I’m not sure online algorithms for 20-50Gb and 8 cores are a good fit for companies too: EC2 instance with 16 cores and 64Gb of RAM (m5.4xlarge) costs only $0.768 per hour, and you can use whatever algorithms you want.
I like the idea of online algorithms for enterprise in Julia, but I’m not sure I understand the target audience.
The place I am consulting makes user run 50g datasets on laptops. So they use SAS juliadb would be awesome once it’s ready.
People still use pandas and data.table but when things can’t fit into memory they use SAS. But SAS can’t handle 50g of data well. It can but it’s slow. Juliadb fills this medium data void. It’s not quite big data but it’s big enough to be not small; so medium data
I am working with large datasets (30–150GB, depending on which), using mmap in Julia with a thin wrapper, on a laptop with 16GB RAM and a fast SSD. Nevertheless, my bottleneck is very clearly IO, to the point that I am becoming somewhat lazy optimizing my Julia code, since it does not matter (IO from an SSD shows up as CPU utilization on my machine, but profiling tells me that actual Julia code is 5–15% of the whole).
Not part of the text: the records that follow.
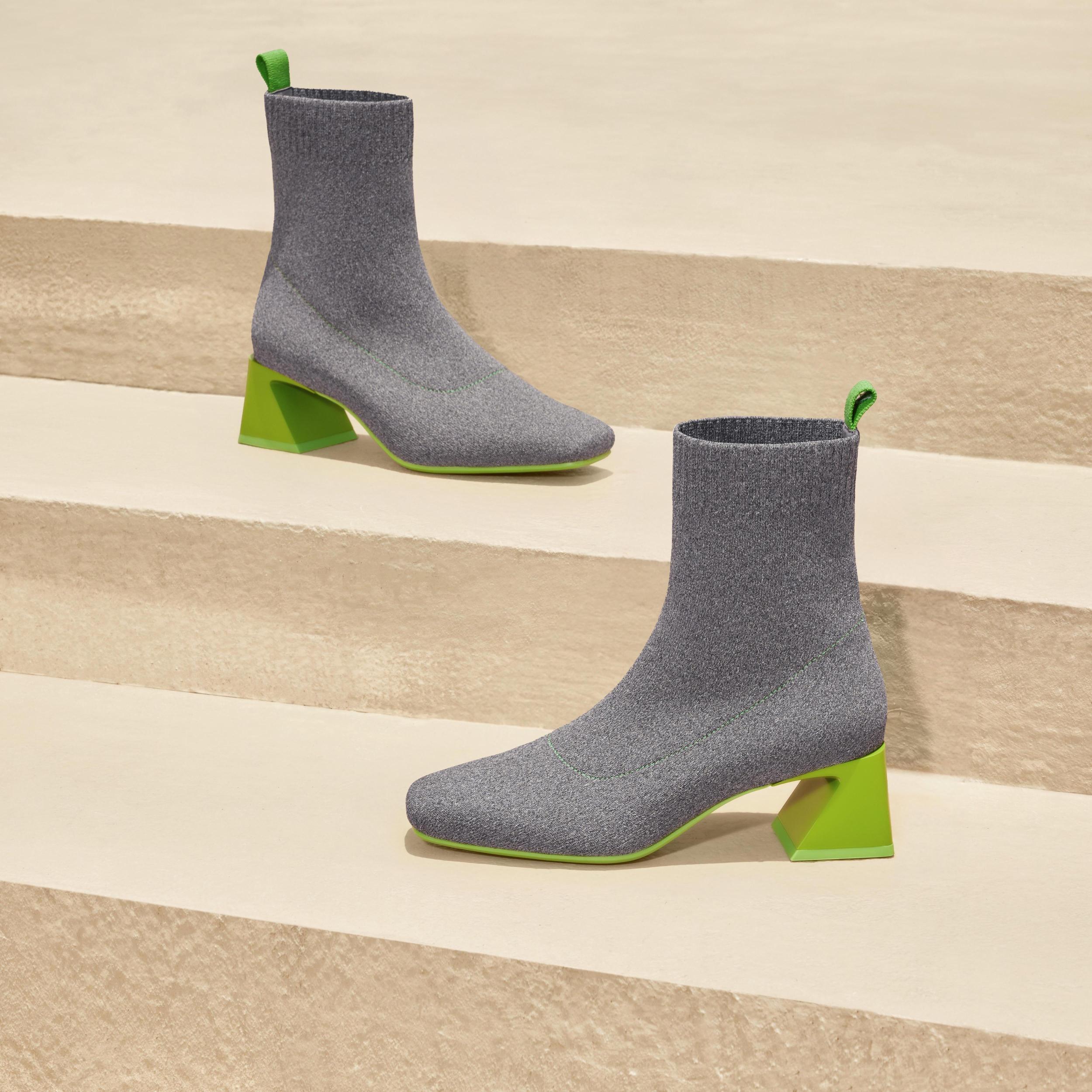 Square-Toe Water-Repellent Heeled Boots (Rafaella) Product Image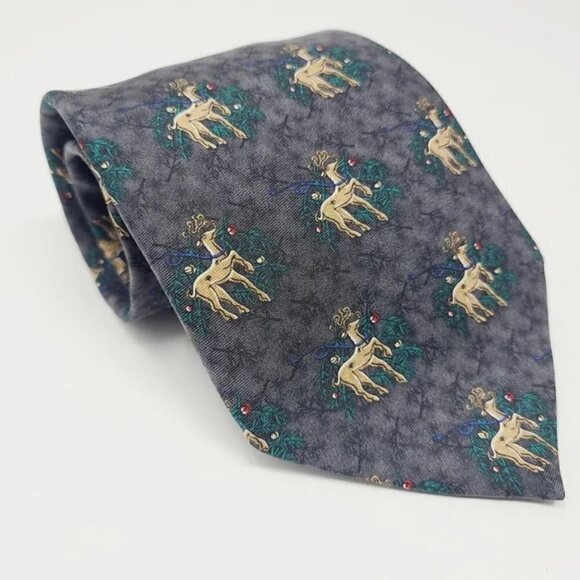 Rudolph Company | Men's Gray Reindeer & Mistletoe Print Christmas or Holiday Tie - Picture 9 of 10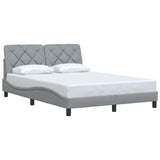 Cadre de lit sans matelas gris clair 140x200 cm tissu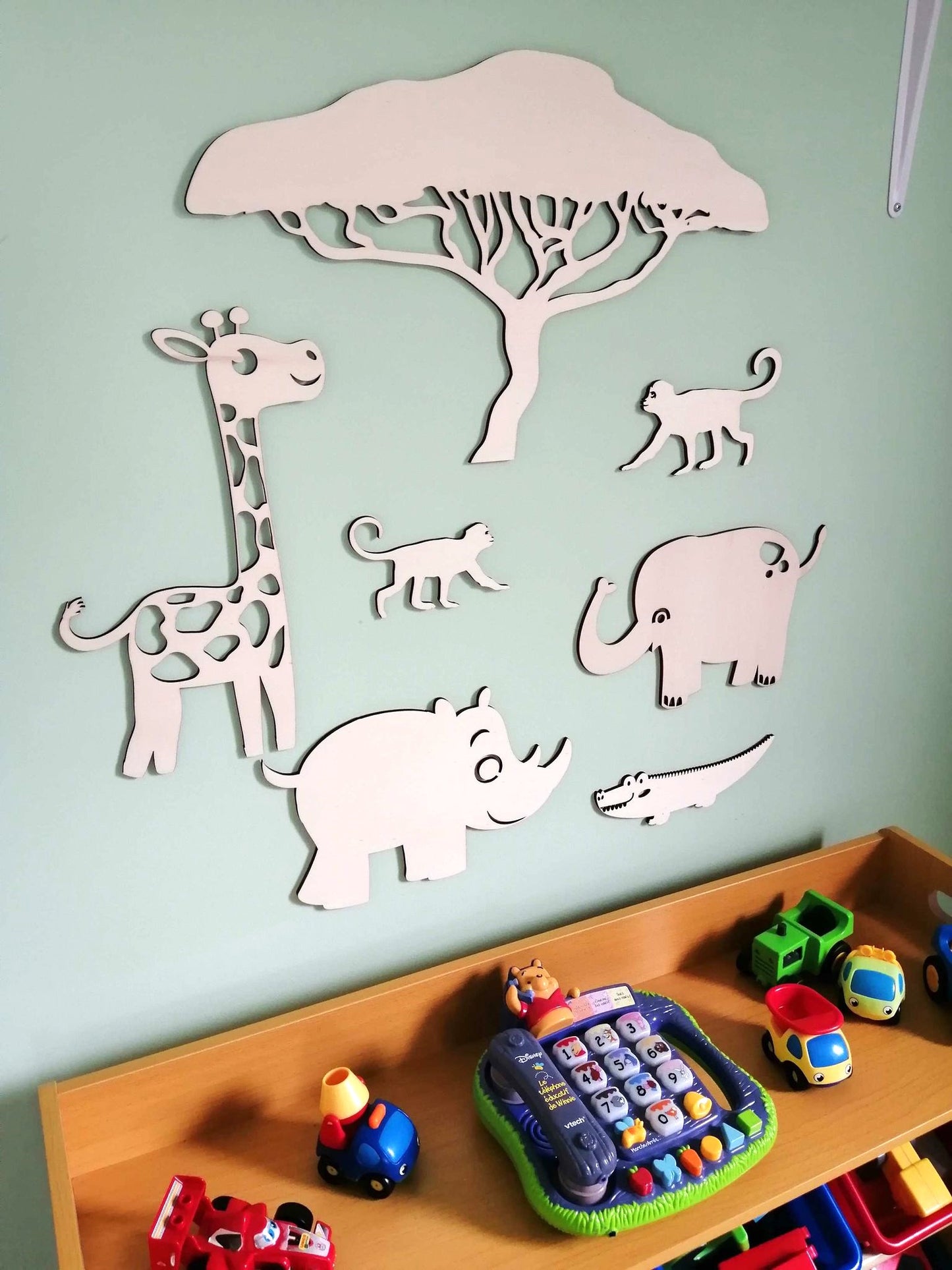 "La Savane Enchantée" pour chambre d'enfant.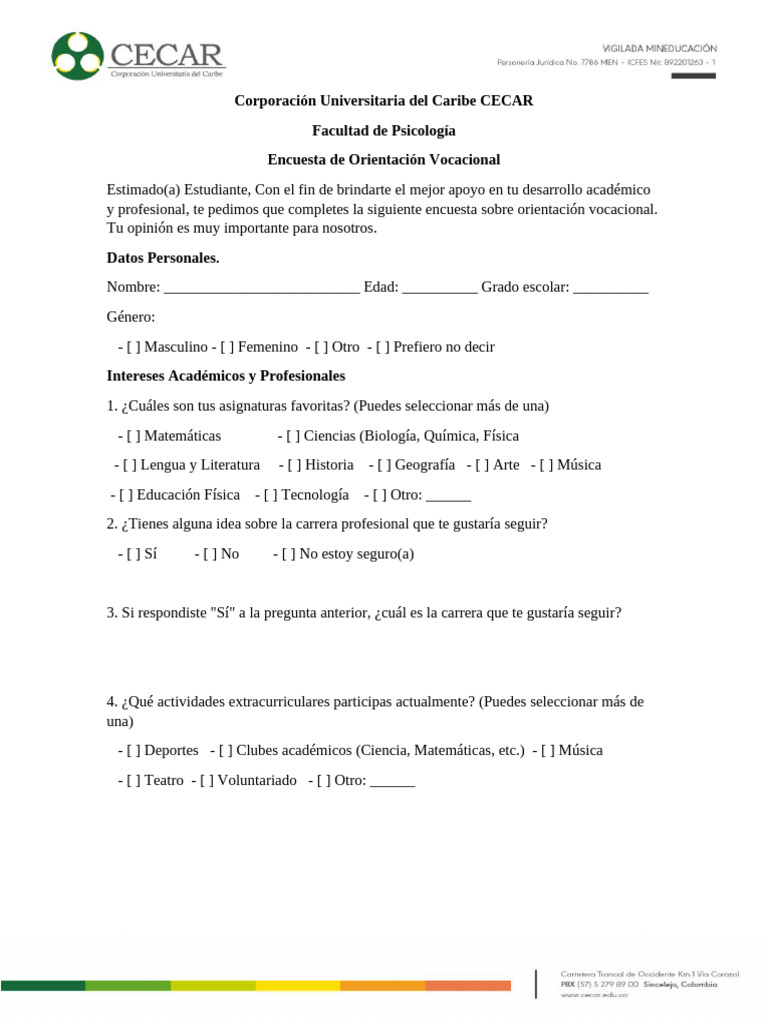 Encuesta de Orientación Vocacional CECAR | PDF | Crecimiento personal y ...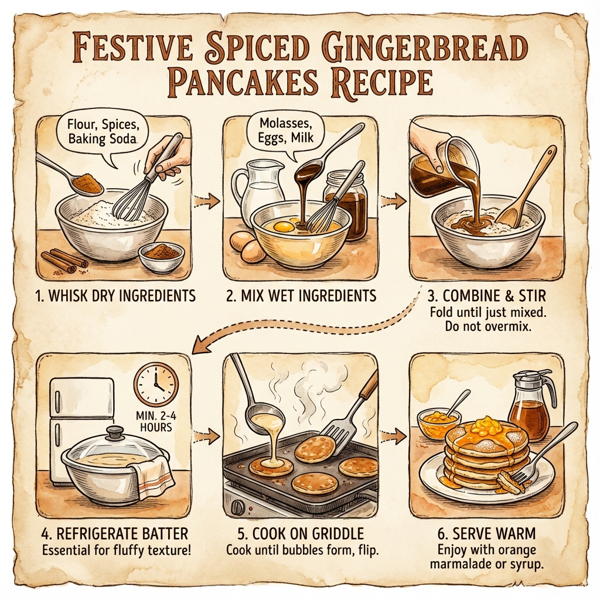Festive Spiced Gingerbread Pancakes instructions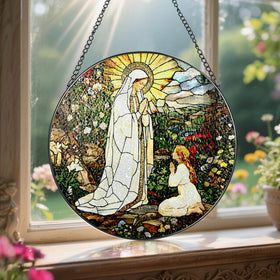 LAOWEIKI Catholic home decor suncatcher creates a cheerful, faith-filled focal point.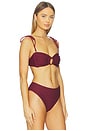view 3 of 5 Tori Bandeau Bikini Top in Maroon Crochet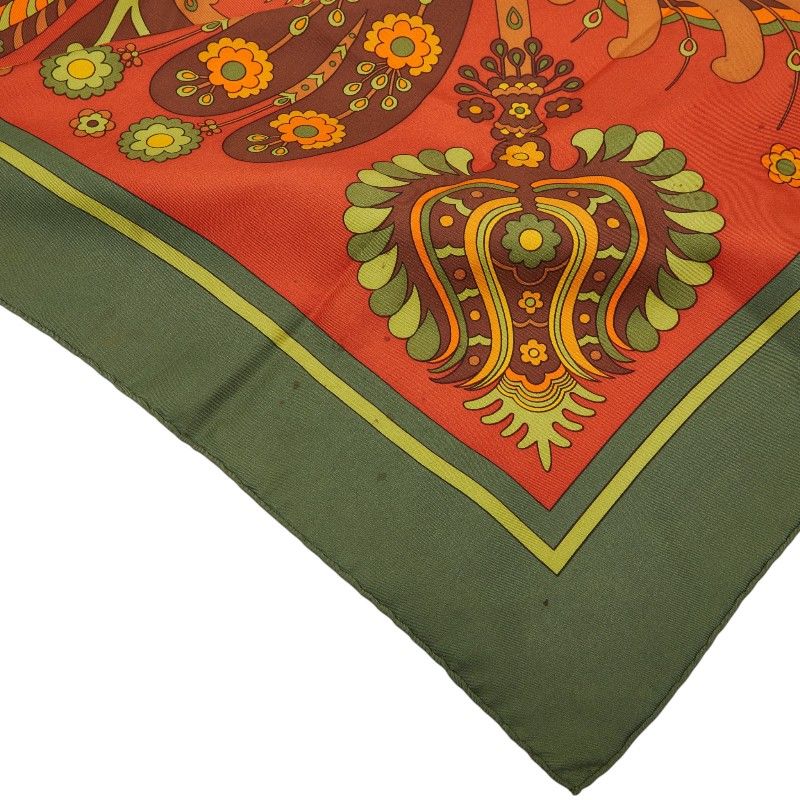 Hermes Carre 90 Skyros Bird Peacock Scarf Green Multicolor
To be fair, I am doing basic tabulations and summaries with OnlineStats.jl, something computational would probably highlight the advantages of Julia more.
A small correction: For simple regression in OnlineStats:
Series((x,y), LinReg(n_predictors))
StatLearn is a super flexible type that lets you plug in any LossFunctions.jl loss, PenaltyFunctions.jl penalty, and a variety of stochastic approximation algorithms. Flexibility comes at the cost of syntax.
LinReg (and LinRegBuilder) give you exact linear regression estimates and the syntax is nicer.
Yeah. Please understand SAS is row-oriented. So if I wanted to do a frequency count of a variable it needs to read all columns (actually it’s slightly better but not much). So if I have random access to the columns eg. JuliaDB.jl binary format allows for that then I can perform that much much faster than SAS. Sure IO will be bottleneck but the performance will already be an order of magnitude better than SAS. SAS now had a file format that allows lazy landing into memory - SASHbdat but it’s still row oriented.